Summoned for his first career Opening Day start less than seven hours before first pitch against the White Sox on Monday at the Coliseum, amid news that Sonny Gray would be unavailable because of food poisoning, Hill immediately immersed himself in game preparation -- one day ahead of his scheduled start.
"I had ample amount of time," Hill said. "I was ready to go."
But the lefty's time on the mound was short-lived, spanning just 2 2/3 innings in a 4-3 loss to the White Sox with mixed reviews.
A potentially disastrous first inning saw Hill hit two of his first three batters. But he picked off one of them and stranded the other, and an ensuing perfect second frame proved encouraging, only for Hill to find trouble in a messy third inning that saw the White Sox pile on four runs, two courtesy of a game-altering error.
Hill threw 36 pitches while recording just two outs in the third, walking Austin Jackson with one out and yielding hits to each of his next three batters.
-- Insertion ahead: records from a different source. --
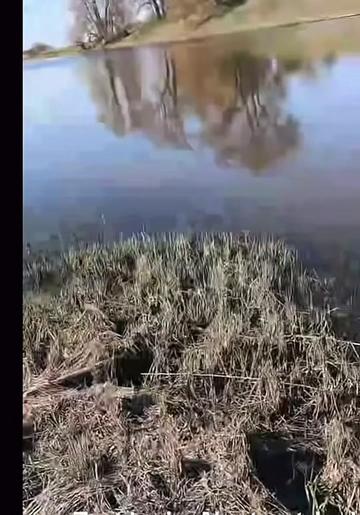 @endlessfishing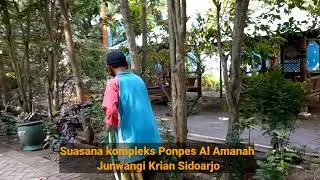 Suasana lingkungan Pondok Pesantren Al Amanah Junwangi Krian Sidoarjo yang rindang dan asri
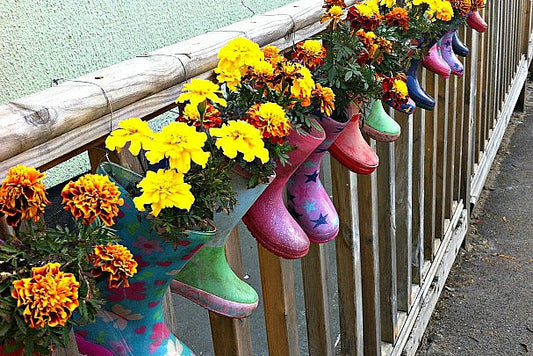 Gardening With Kids: Dirt, Drama, and Delayed Gratification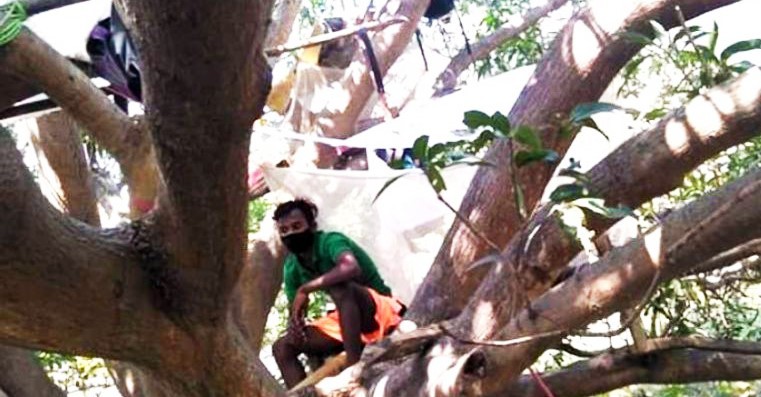 Người dân làng Vangidi, huyện Purulia, bang Tây Bengal, Ấn Độ tự lập các “macha” trên cây để cách ly. Ảnh: Asianet News Network.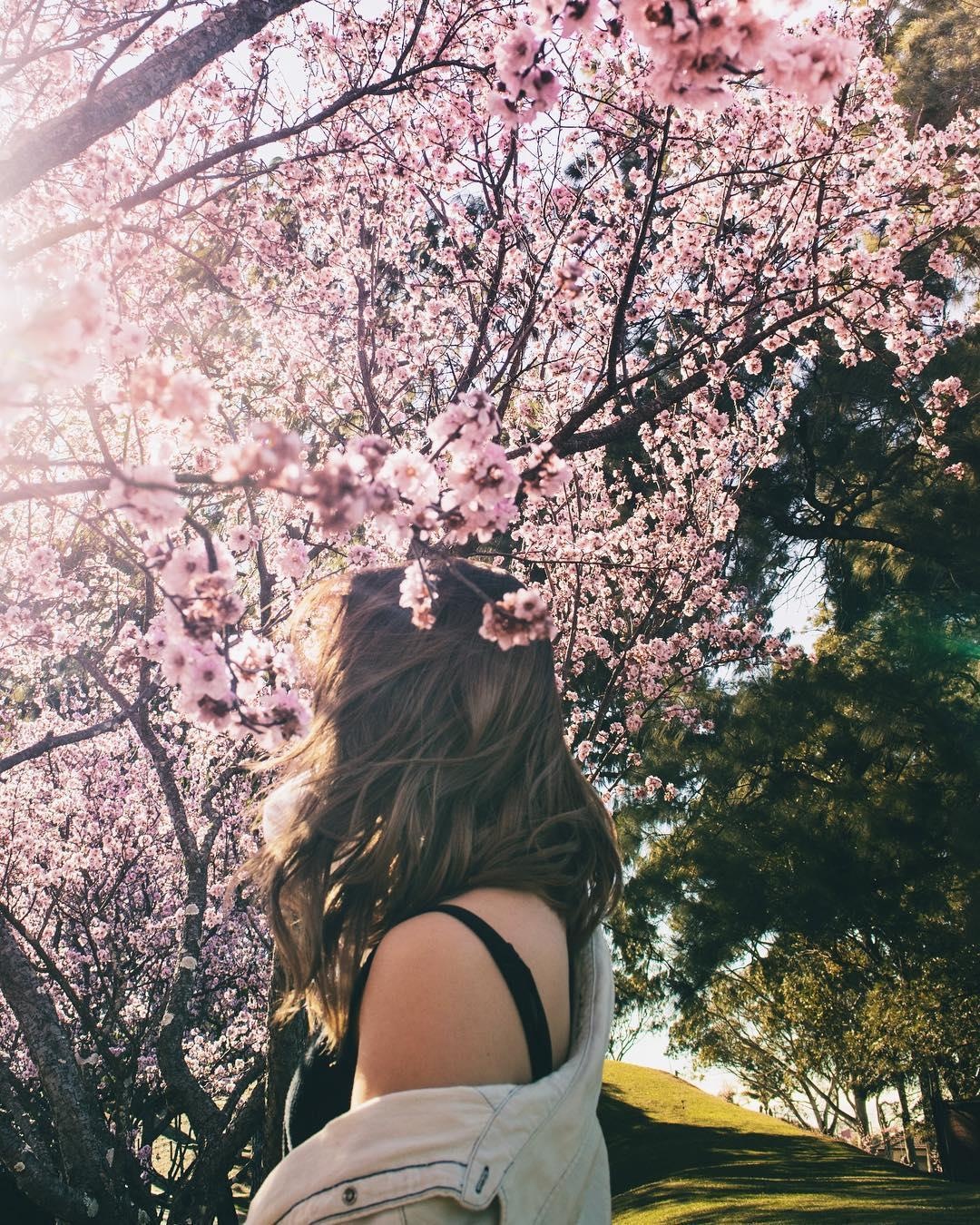 Ngam hoa anh dao no ro anh 8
Hill struck out Todd Frazier with his signature curveball and induced what appeared to be an inning-ending ground ball up the middle that was snagged by shortstop Marcus Semien. Except Semien's high throw went past first baseman Mark Canha, who was charged with the error after he was unable to get a glove on it, allowing two unearned runs to score.
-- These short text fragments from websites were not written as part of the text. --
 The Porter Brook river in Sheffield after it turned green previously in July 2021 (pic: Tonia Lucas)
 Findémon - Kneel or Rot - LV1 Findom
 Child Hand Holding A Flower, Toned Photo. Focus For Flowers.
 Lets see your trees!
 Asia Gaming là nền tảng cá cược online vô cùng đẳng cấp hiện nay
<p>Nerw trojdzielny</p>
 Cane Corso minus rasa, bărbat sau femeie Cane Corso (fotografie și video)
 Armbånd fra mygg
That marked the end for Hill.
"He did a nice job, and we should've been out of that inning with two runs," catcher Stephen Vogt said.
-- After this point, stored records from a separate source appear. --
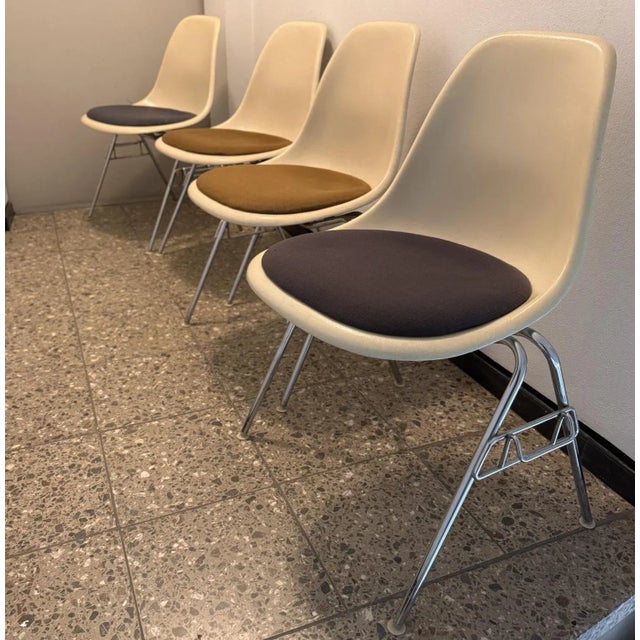 Mid-Century Modern Vintage DSS Side Chairs by Charles & Ray Eames for Herman Miller, 1960s, Set of 4 For Sale - Image 3 of 12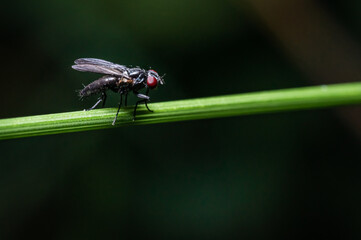 A fly in profile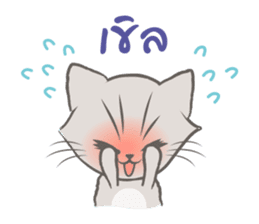 Mochi the cat sticker #1355374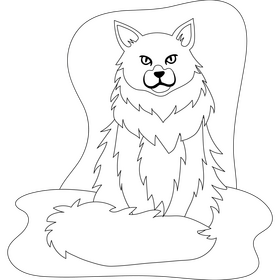 Maine coon cat drawing black and white clipart
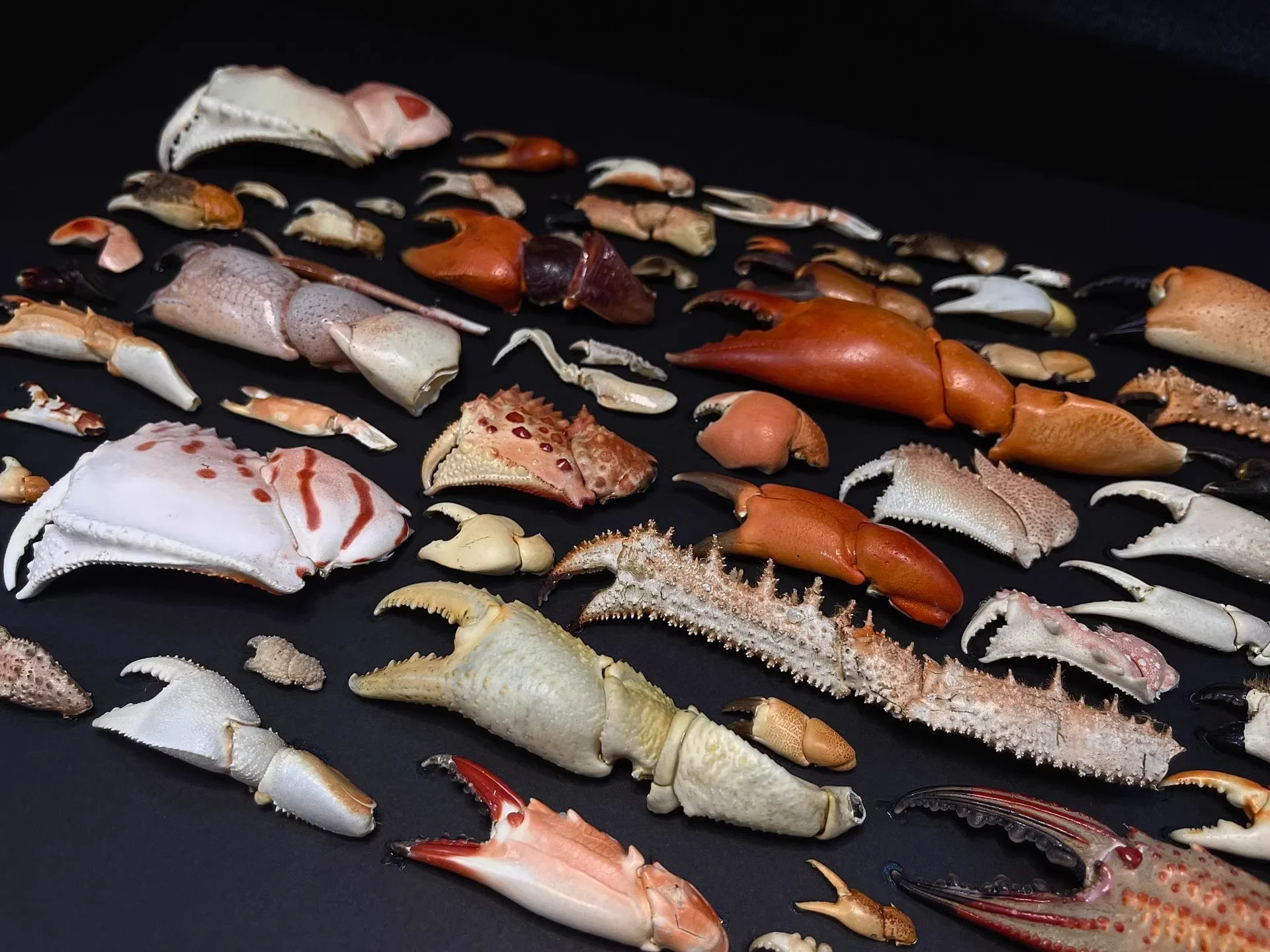 Various Real Crab Claws Specimen Special Handicrafts Collectors Home Decor Ornament Desk Decoration Customized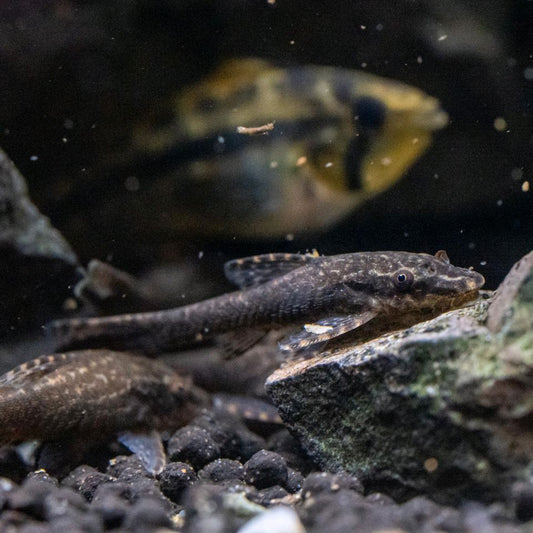 Black Otocinclus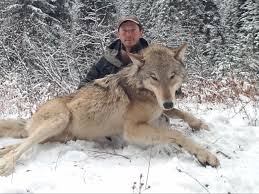 Nov 17, 2020 · at laurel & wolf, our interior designers can help create your dream space. Wolf Trapping Is A Tool Idaho Wildlife Managers Want To Keep But At What Price The Spokesman Review
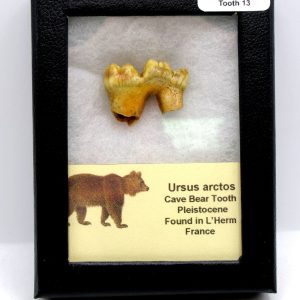 Cave Bear Tooth - L'Herm France #13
"He was a little out of sorts early on but recovered nicely," A's manager Bob Melvin said. "Got him out of there when it really wasn't his fault on a play that scored two runs.
"It's tough in that situation to come in and have to start on a day that you're not thinking you're going to start."
Hill, signed to a one-year, $6 million deal by the A's this winter, deemed it "an honor to be able to have the opportunity to start on Opening Day," but he insisted the loss "solely falls on me, my inability to go deeper in the game for us."
The A's are no strangers to one-run losses; they endured 35 of them in 2015, but mostly because of a beleaguered bullpen. Ironically, it was their relief corps that kept them in Monday's game, despite Hill's early departure.
"It would've been real easy to cave," Vogt said, "but our bullpen stepped up, and especially after last year, to see the moves we made in our bullpen and see those parts come in and do what they did, it was outstanding."